WHAT NEEDS TO BE DONE:
Output every entry below word for word, minus the images.

RECORDS SUPPLIED:
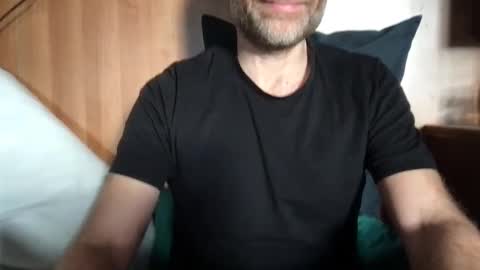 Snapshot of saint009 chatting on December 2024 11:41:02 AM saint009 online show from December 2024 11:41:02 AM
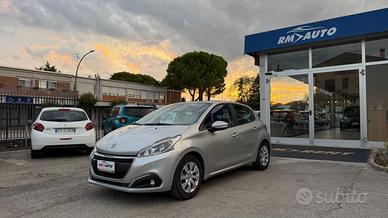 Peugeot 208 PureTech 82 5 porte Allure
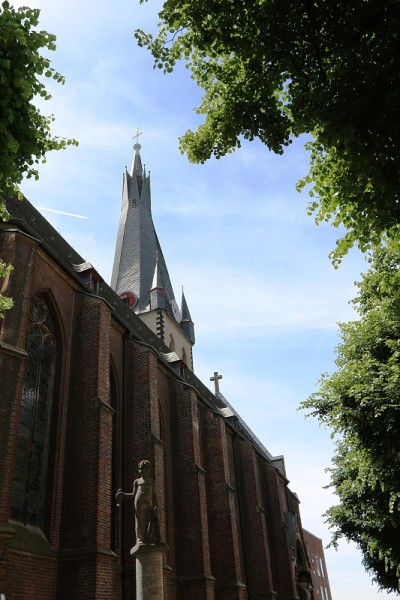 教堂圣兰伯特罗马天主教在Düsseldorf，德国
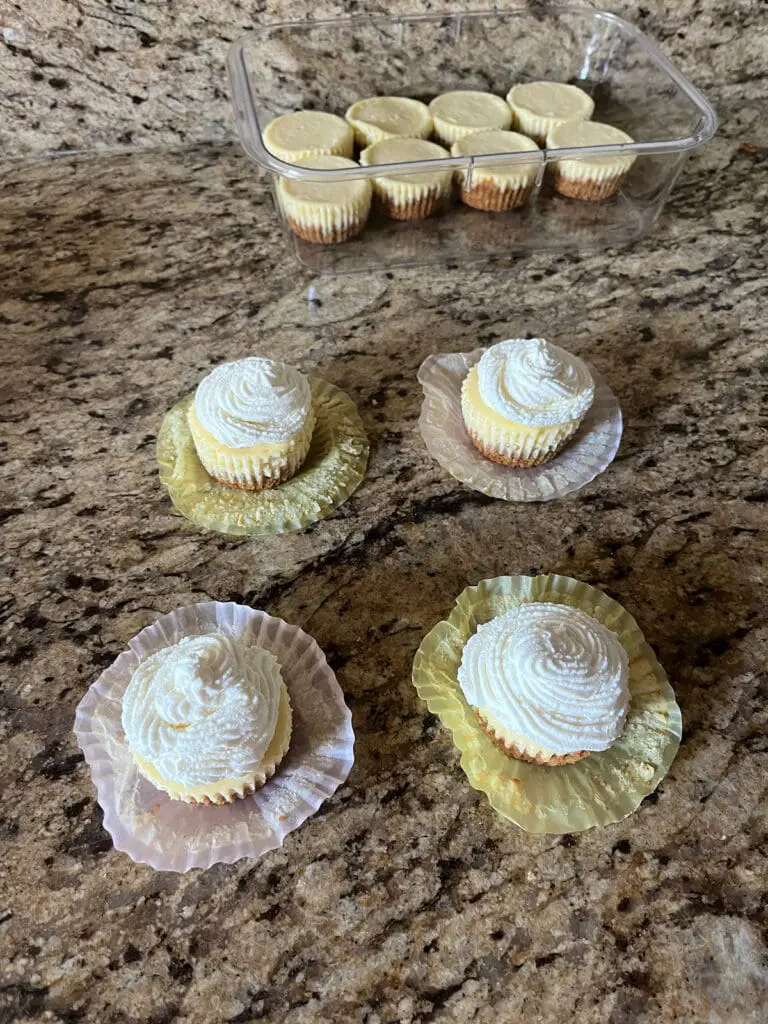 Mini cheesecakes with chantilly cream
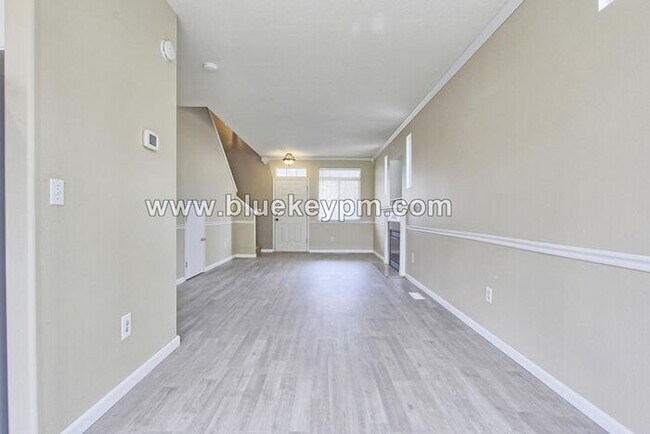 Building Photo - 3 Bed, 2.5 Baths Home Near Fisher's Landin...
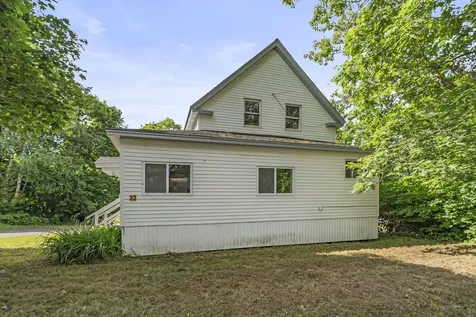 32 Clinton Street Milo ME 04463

SOLVED EXERCISE:
 Snapshot of saint009 chatting on December 2024 11:41:02 AM saint009 online show from December 2024 11:41:02 AM
 Peugeot 208 PureTech 82 5 porte Allure
 教堂圣兰伯特罗马天主教在Düsseldorf，德国
 Mini cheesecakes with chantilly cream
 Building Photo - 3 Bed, 2.5 Baths Home Near Fisher's Landin...
 32 Clinton Street Milo ME 04463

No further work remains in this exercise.